The penitentiary is full of our race who are sent there by wicked and malicious persecutions, and unjust sentences dealt out by judges who deem a colored criminal fit only for the severest and longest sentences for trivial offenses.

In all departments of the State we are systematically deprived of recognition except in menial positions. In our metropolitan city, and even cities of lesser note, we are not considered in the appointments in fire companies, police force, notary publics, etc. In fact, we are the ruled class and have no share in the government.

While grateful for much done in the line of school advantages, yet no system in this enlightened day is complete without normal schools. These the colored people have not, while every other ex-slave State has made provisions for normal training.
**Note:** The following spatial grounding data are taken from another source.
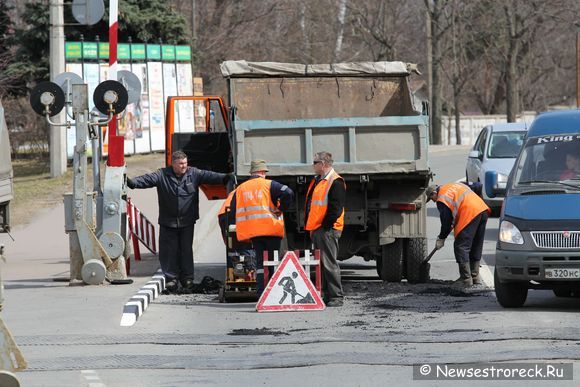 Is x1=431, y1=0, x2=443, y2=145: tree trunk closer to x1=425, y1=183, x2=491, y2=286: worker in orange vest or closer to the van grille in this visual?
x1=425, y1=183, x2=491, y2=286: worker in orange vest

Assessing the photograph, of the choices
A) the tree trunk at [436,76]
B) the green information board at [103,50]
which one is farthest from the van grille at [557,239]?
the tree trunk at [436,76]

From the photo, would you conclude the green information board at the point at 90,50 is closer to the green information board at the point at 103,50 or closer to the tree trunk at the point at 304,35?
the green information board at the point at 103,50

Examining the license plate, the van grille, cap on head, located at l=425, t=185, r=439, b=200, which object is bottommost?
the license plate

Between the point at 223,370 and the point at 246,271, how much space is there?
469 cm

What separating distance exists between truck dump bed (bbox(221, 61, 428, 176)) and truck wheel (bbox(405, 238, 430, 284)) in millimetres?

Recognizing the progressive spirit in our State and with a desire to act for the good of the 271,481 colored citizens of Kentucky. We do hereby, after due deliberation and by the advice of leading men among us, call a convention to meet in the city of Lexington, on the 26th day of November, 1885, to discuss these and other matters pertaining to the welfare of the race, that after due deliberation a respectful petition shall be laid before the Legislature when assembled.

To further carry out these provisions, it is hereby ordered that the colored citizens in each county meet at the county site in mass meeting, at 12 M., November 19th, and elect the number of delegates set opposite the county name.

The apportionment is on the following basis:

Not less than one delegate from each county; three delegates for every 1,000 colored citizens and one additional for every fractional thousand over five hundred, taken from the census of 1880.